The following ideas are examples of employee wellness programs for the workplace:
- On-site health and wellness services: Mindfulness and meditation instruction, weekly yoga sessions, basic checkups like blood pressure and weight monitoring and even once-a-month massages are low-cost options to consider.
- Office gym: You might set aside a large office space and bring in low-cost or used gym equipment like a weight bench, yoga mats and balls and treadmills. This can help keep employees motivated to exercise during breaks and before or after lunch.
- Exercise clubs: A similar option is to organize exercise clubs at the office. You might start a lunch hour running club or sponsor a company recreational softball team to encourage physical activity.
- Employee assistance: Incorporate employee assistance programs, so your staff can contact counselors when they feel the need for additional support or resources for coping with stress and other mental health issues.
- Health challenges: Organize monthly wellness challenges where everyone can win. For example, you might have a step challenge where everyone who reaches a minimum number of steps wins a prize.

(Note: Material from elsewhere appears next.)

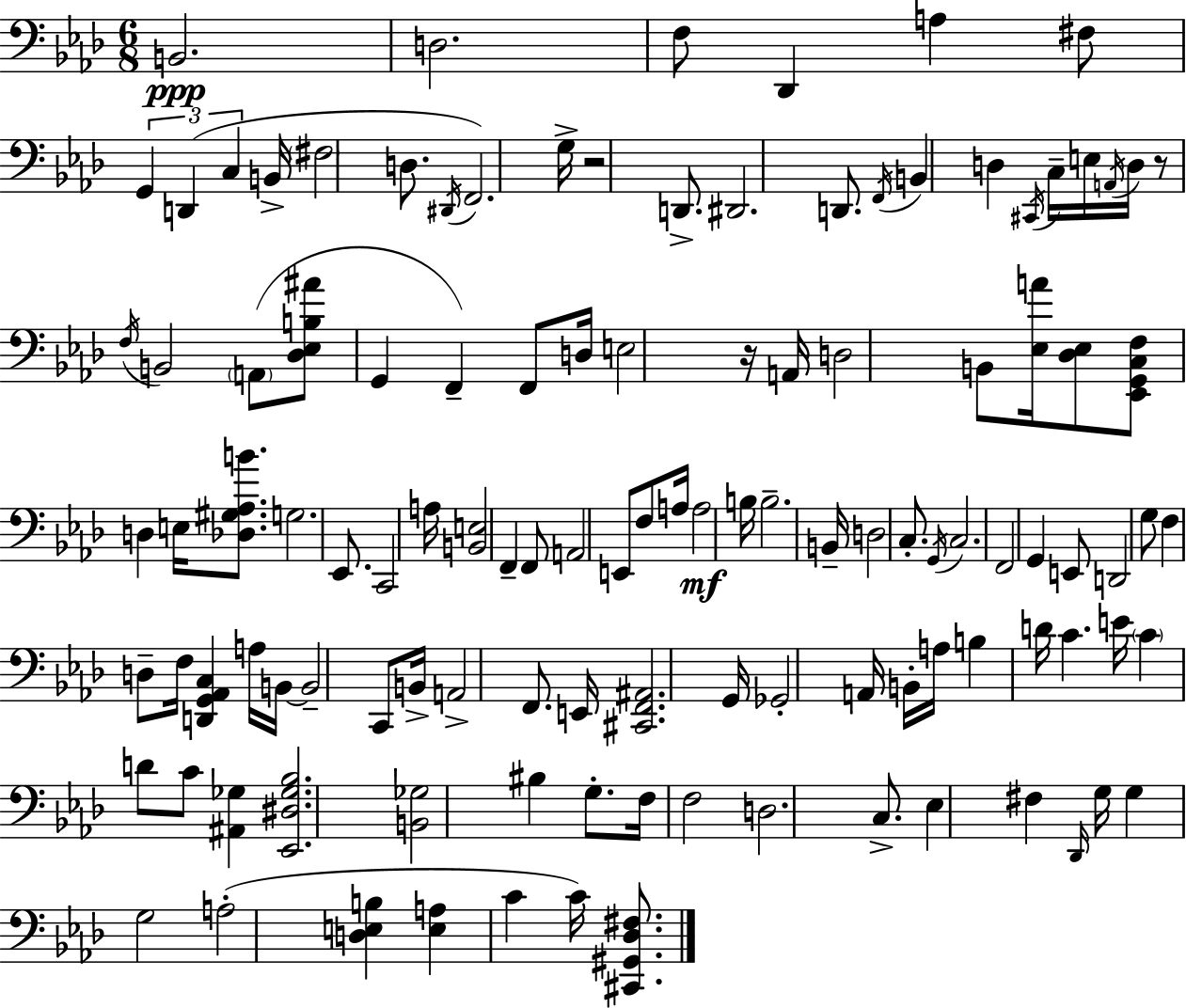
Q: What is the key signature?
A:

- Healthy snacks: Offer free healthy snacks and drinks in your break room to encourage employees to make healthier choices. You might also have vending machines stocked with healthier options.
Employee wellness FAQs
Because of the variety of approaches to integrating an employee wellness program, consider the answers to these frequently asked questions when creating yours:
How do you decide what to include in a wellness at work program?
Wellness programs that work meet the needs of the participants. Evaluate your employees’ needs, preferences and health concerns when considering health and wellness ideas in the workplace. If most of your employees are in excellent shape and emphasize health, you might host advanced fitness classes or create monthly challenges that push them. If several of your employees have chronic health conditions or are overweight, you might focus on nutrition, chronic illness support and weight loss. Get feedback from your employees to determine what types of programs they want to see.
How do you encourage employees to participate?
Some employees may be hesitant to participate because they don’t want their employer to have their health information. People who are overweight, smoke or have health issues might worry that they could lose their jobs if they don’t participate. To encourage participation, be transparent about your motivation for the program, which should be to support your employees’ health and well-being. Establish a policy about protecting their personal health information as part of the program, and ensure you follow through with that protection.
Are wellness programs tax-deductible?
Various wellness program incentives may be tax-free for employees and most are tax-deductible for employers. For example, if an employer pays part of their employees’ health insurance premiums or increases their portion of HSA or HRA contributions, these amounts can be written off as expenses on the company’s corporate taxes.